Consul is strongly consistent datastore that uses gossip to form dynamic clusters. It features hierarchical key/value store that can be used not only to store data but also to register watches that can be used for a variety of tasks from sending notifications about data changes to running health checks and custom commands depending on their output.

Unlike Zookeeper and etcd, Consul implements service discovery system embedded so there is no need to build your own or use a third-party one. This discovery includes, among other things, health checks of nodes and services running on top of them.

ZooKeeper and etcd provide only a primitive K/V store and require that application developers build their own system to provide service discovery. Consul, on the other hand, provides a built in framework for service discovery. Clients only need to register services and perform discovery using the DNS or HTTP interface. The other two tools require either a hand-made solution or the usage of third-party tools.

Consul offers out of the box native support for multiple datacenters and the gossip system that works not only among nodes in the same cluster but across datacenters as well.

Consul has another nice feature that distinguishes it from the others. Not only that it can be used to discover information about deployed services and nodes they reside on, but it also provides easy to extend health checks through HTTP requests, TTLs (time-to-live) and custom commands.

Registrator

Registrator has two Consul protocols. The consulkv protocol produces similar results as those obtained with the etcd protocol.

Besides the IP and the port that is normally stored with etcd or consulkv protocols, Registrator’s consul protocol stored more information. We get the information about the node the service is running on as well as service ID and name. With few additional environment variables we can also store additional information in form of tags

consul-template

confd can be used with Consul in the same way as with etcd. However, Consul has its own templating service with features more in line with what Consul offers.

The consul-template is a very convenient way to create files with values obtained from Consul. As an added bonus it can also run arbitrary commands after the files have been updated. Just as confd, consul-template also uses Go Template format.

Consul health checks, Web UI and datacenters

Monitoring health of cluster nodes and services is as important as testing and deployment itself. While we should aim towards having stable environments that never fail, we should also acknowledge that unexpected failures happen and be prepared to act accordingly.

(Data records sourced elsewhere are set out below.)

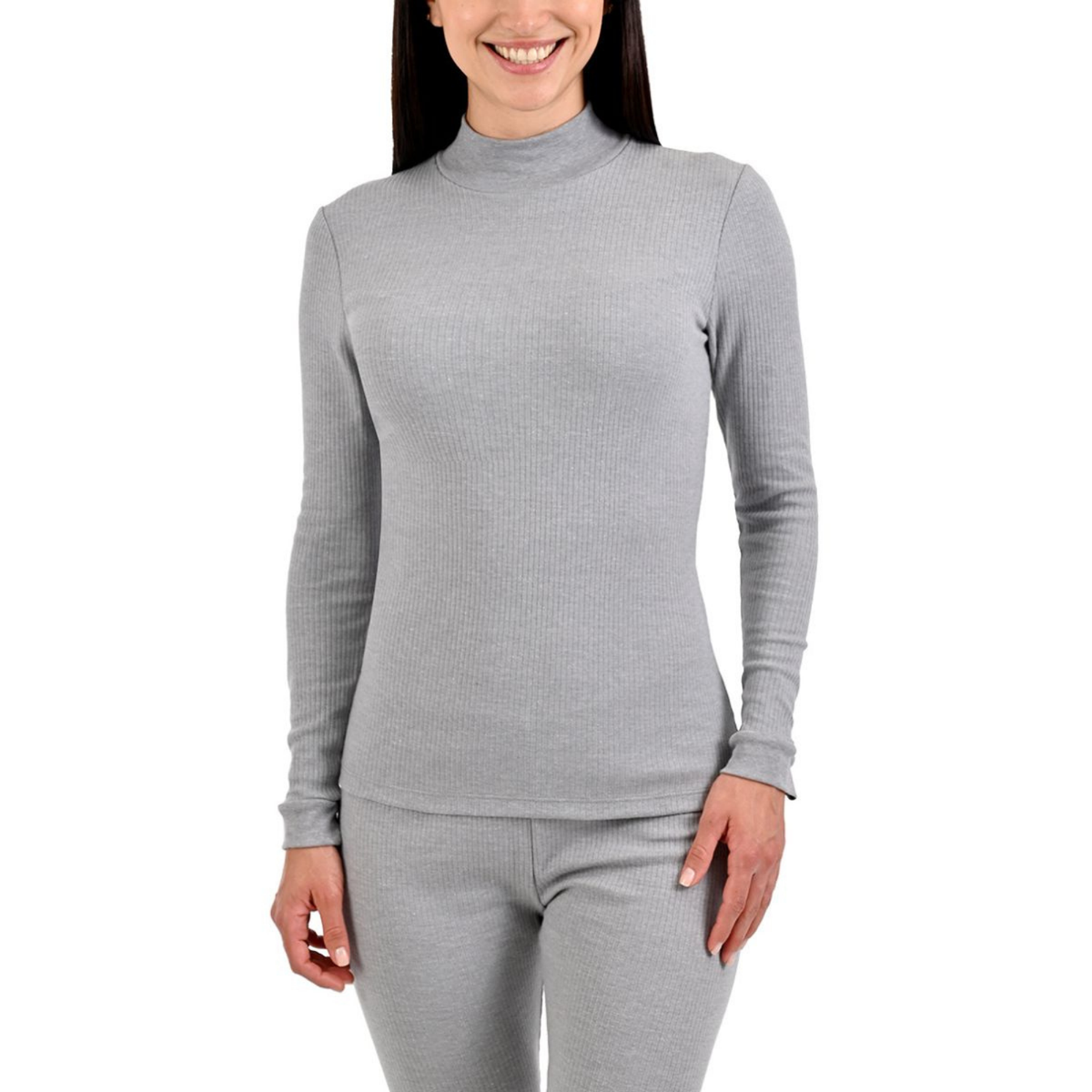Camiseta térmica rib de cuello alto en Gris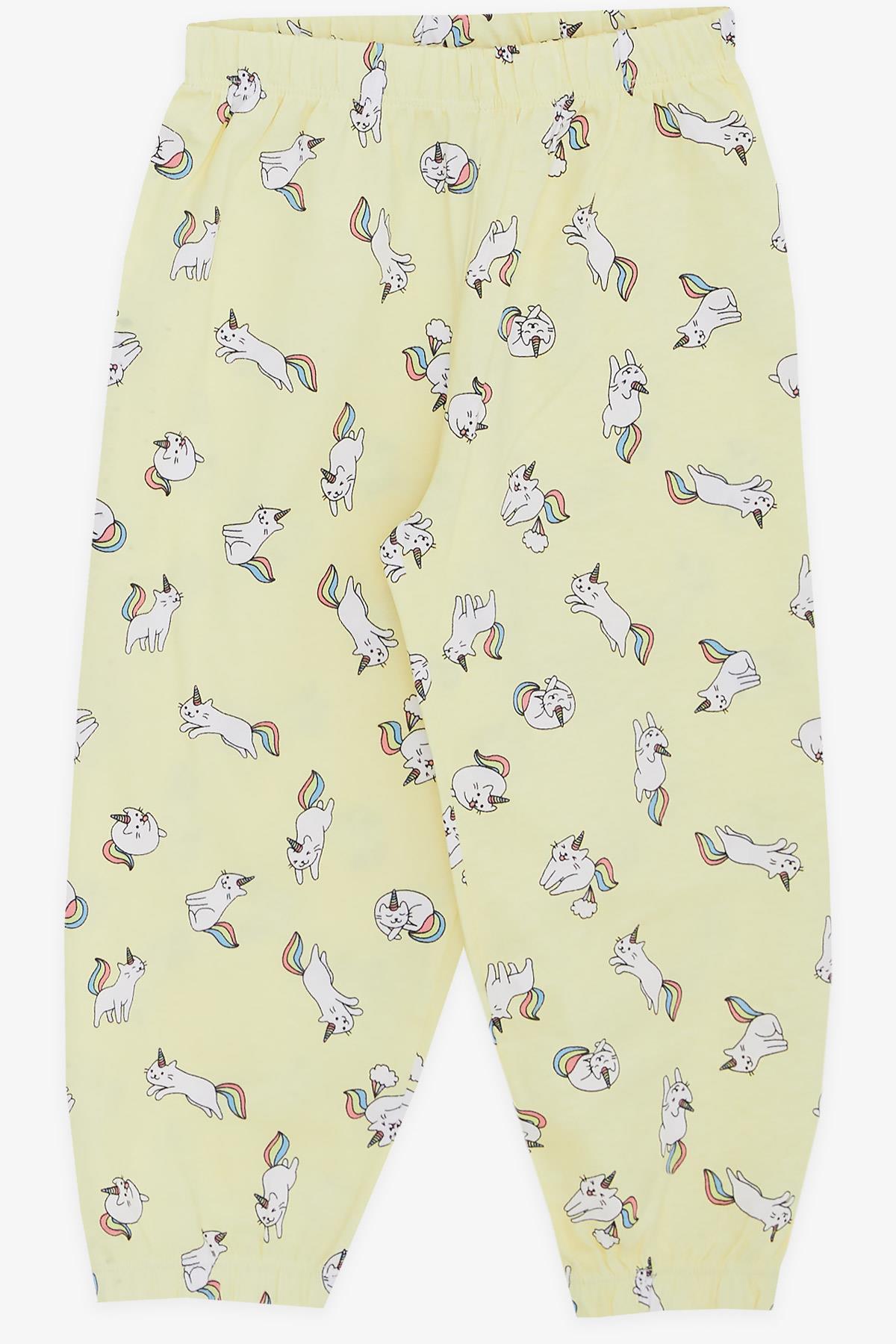 Breeze Kız Bebek Pijama Takımı Kedicorn Desenli Sarı (9 Ay-3 Yaş)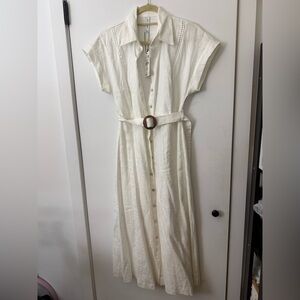 Cream Button-Front Maxi Shirt Dress with Belt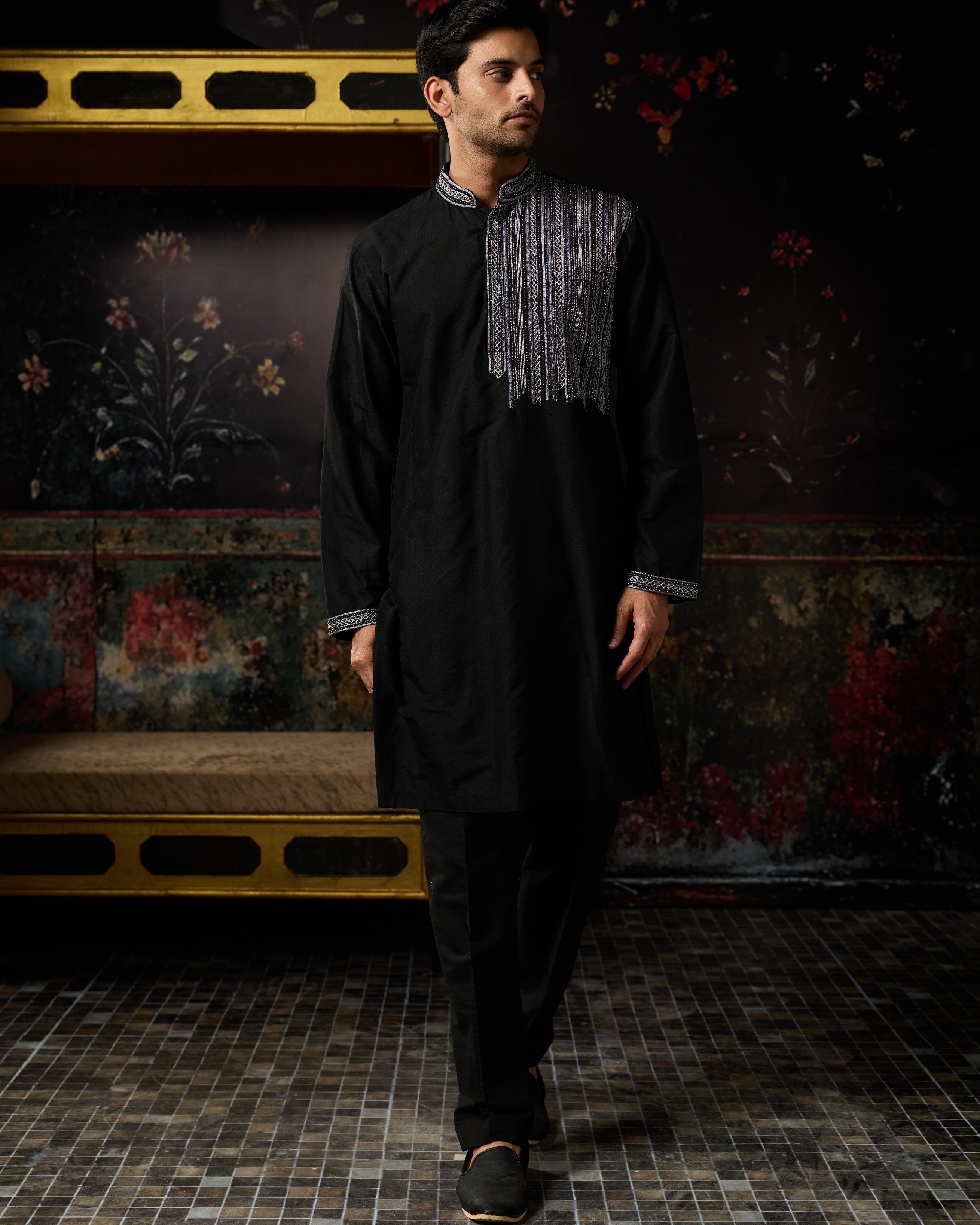 Black With Gunmental Embroidered Kurta And Pants Set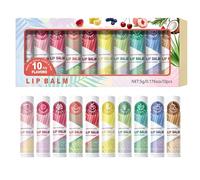 10 Pack Lip Balm Set, Natural Moisturizing Lip Balm Bulk for Dry Cracked Lips, Fruit flavor lip balm with Honey, Hydrating Mini Chapstick Gift Set For Women Girls, Vegan Lip Repair, 10 Flavors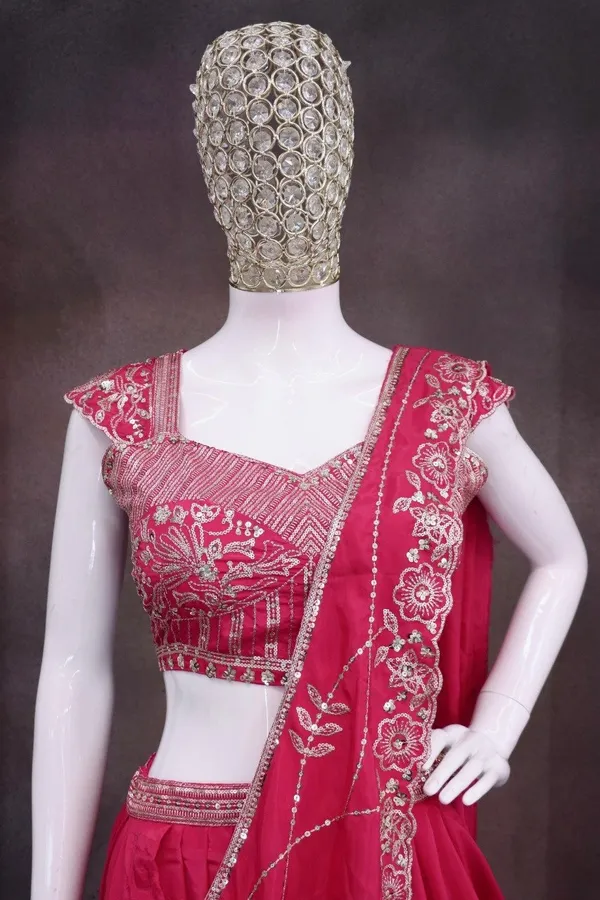 Magenta_Embellished_Lehenga_Choli_With_Dupatta_-_Ethnic_Wear_Set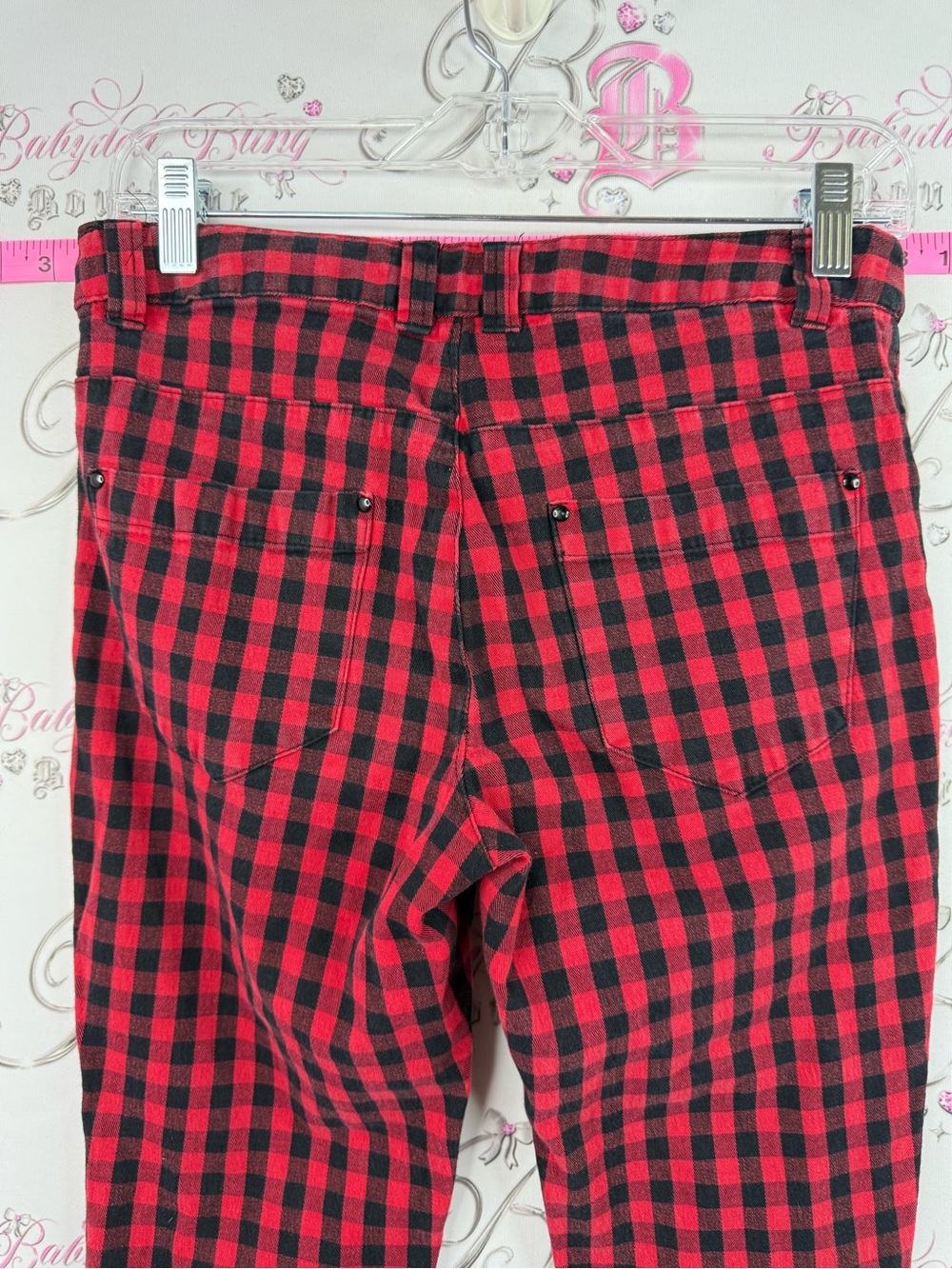 Pants gingham Red and Black Buffalo Plaid Skinny Pants - Picture 7 of 11
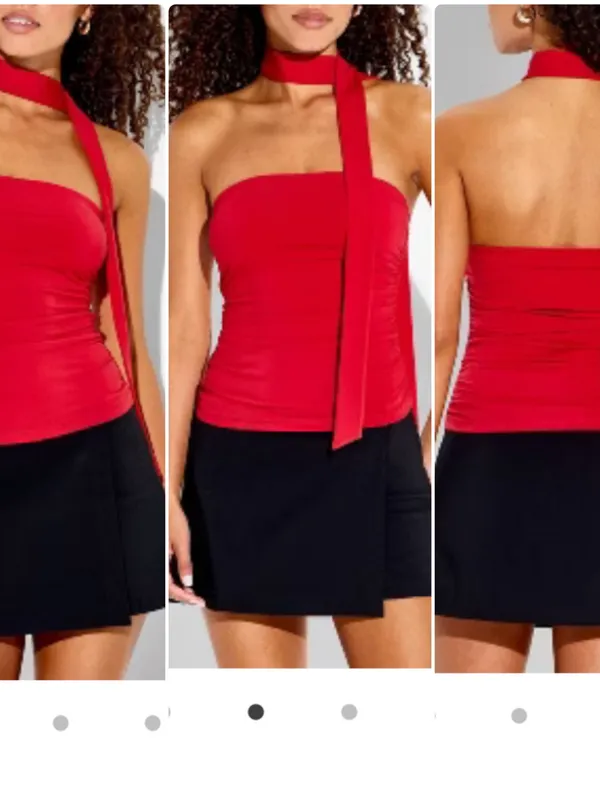 Women's Scarf Tube Top - Wild Fable Brand Target, Red, Small, Tank Top W/ Tie - Image 2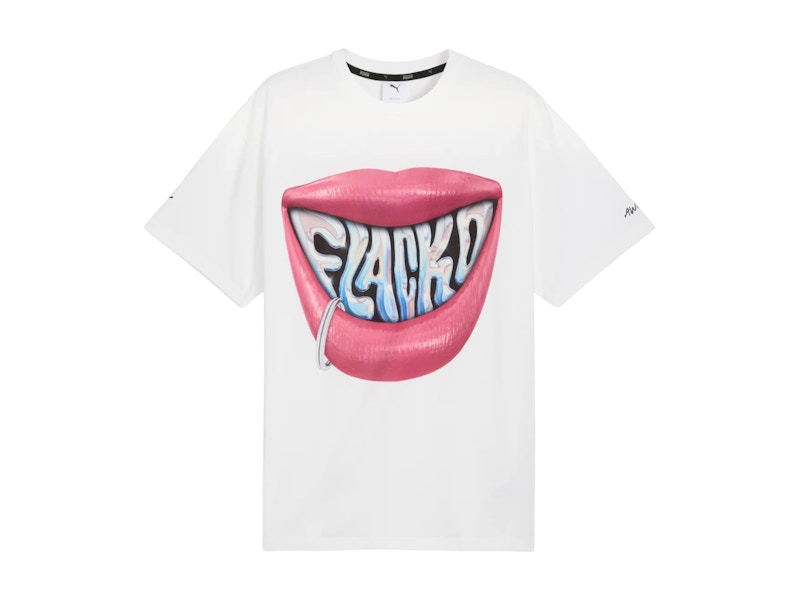 Pre-owned Puma Men's X A$ap Rocky Flacko Smile Tee Shirt In White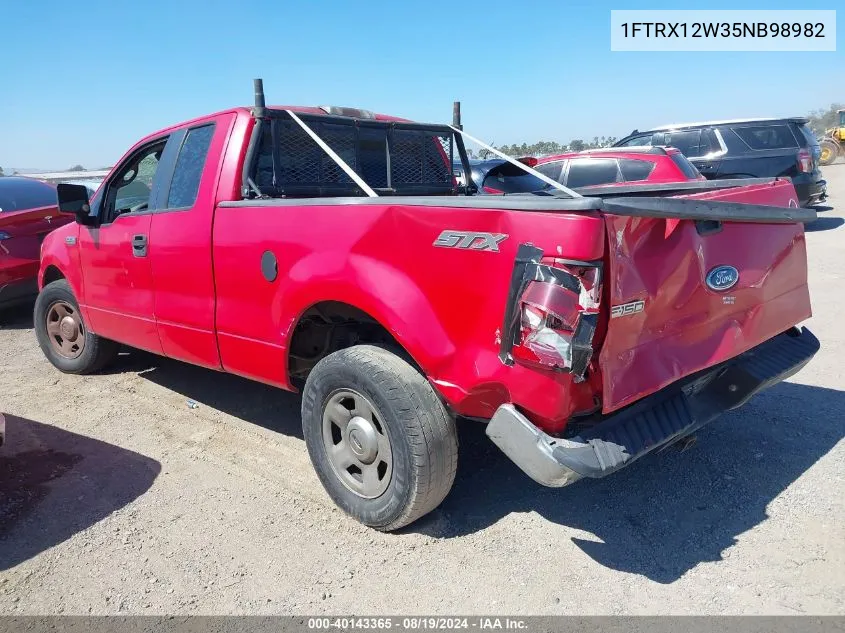 2005 Ford F-150 Stx/Xl/Xlt VIN: 1FTRX12W35NB98982 Lot: 40143365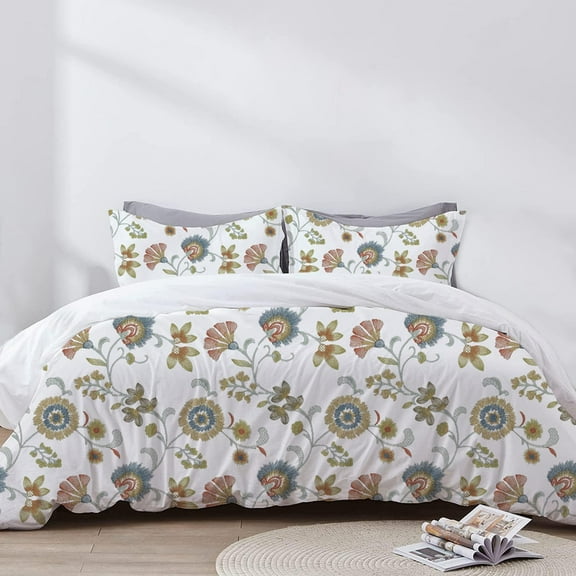 The Tangerine Store 3-Piece Linen Cotton Mix Duvet Cover Set 78x88 inches - Full Size, Calista Crewel Embroidery - Zip Closure, 4 Corner Ties, Pre-Washed Fabric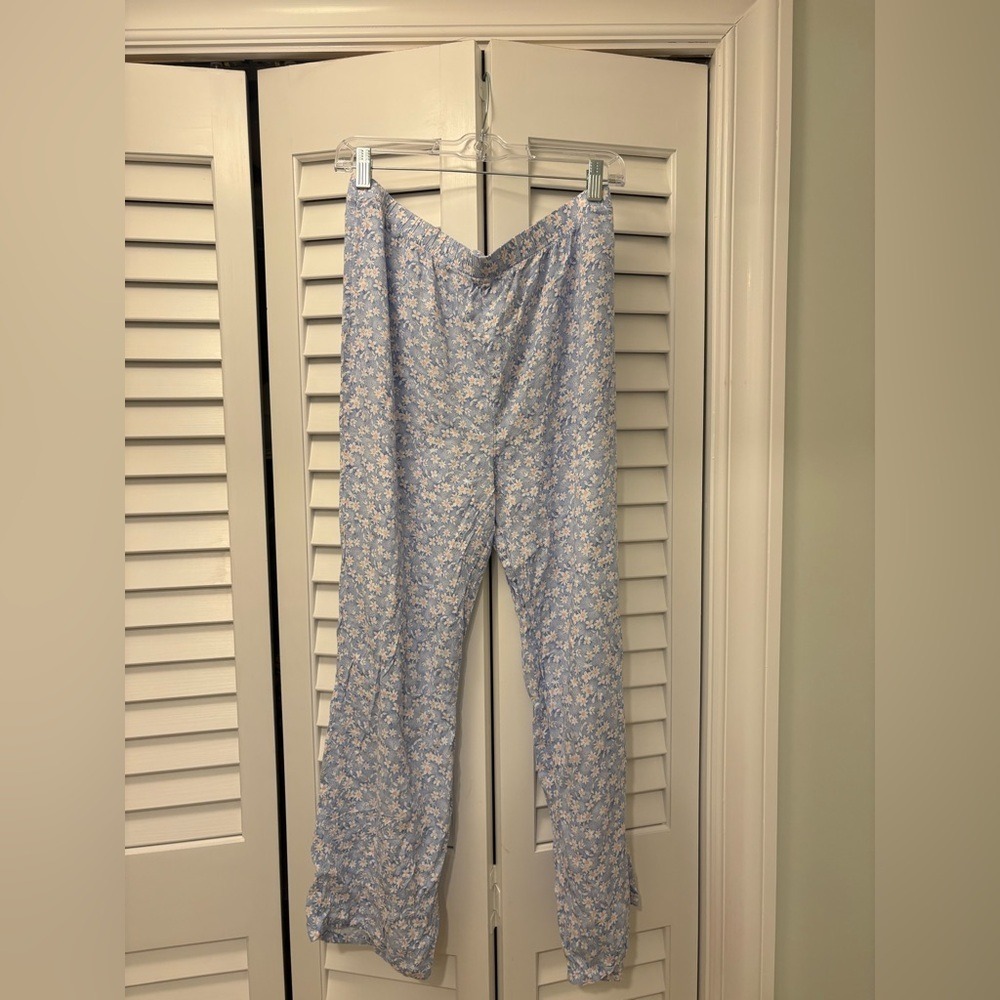 Splendid Capri Pajama Set Light Blue Pink Floral Size Large - Picture 3 of 5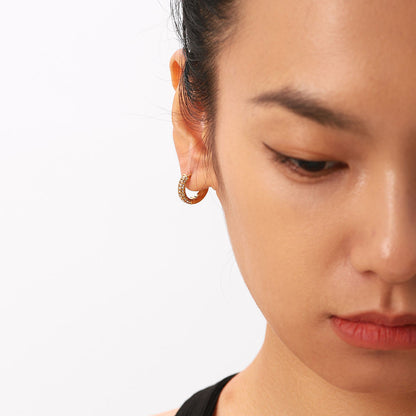 Dazzle Dome Huggies Earrings - 18K Gold Plated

We can, for example, monitor memory usage and if it reaches certain threshold move some services to a different node in the cluster. That would be an example of preventive actions performed before the “disaster” would happen. On the other hand, not all potential failures can be detected on time for us to act on time. A single service can fail. A whole node can stop working due to a hardware failure. In such cases we should be prepared to act as fast as possible by, for example, replacing a node with a new one and moving failed services. Consul has a simple, elegant and, yet powerful way to perform health checks and help us to define what actions should be performed when health thresholds are reached.

If you googled “etcd ui” or “etcd dashboard” you probably saw that there are a few solutions available and might be asking why we haven’t presented them. The reason is simple; etcd is a key/value store and not much more. Having an UI to present data is not of much use since we can easily obtain it through the etcdctl. That does not mean that etcd UI is of no use but that it does not make much difference due to its limited scope.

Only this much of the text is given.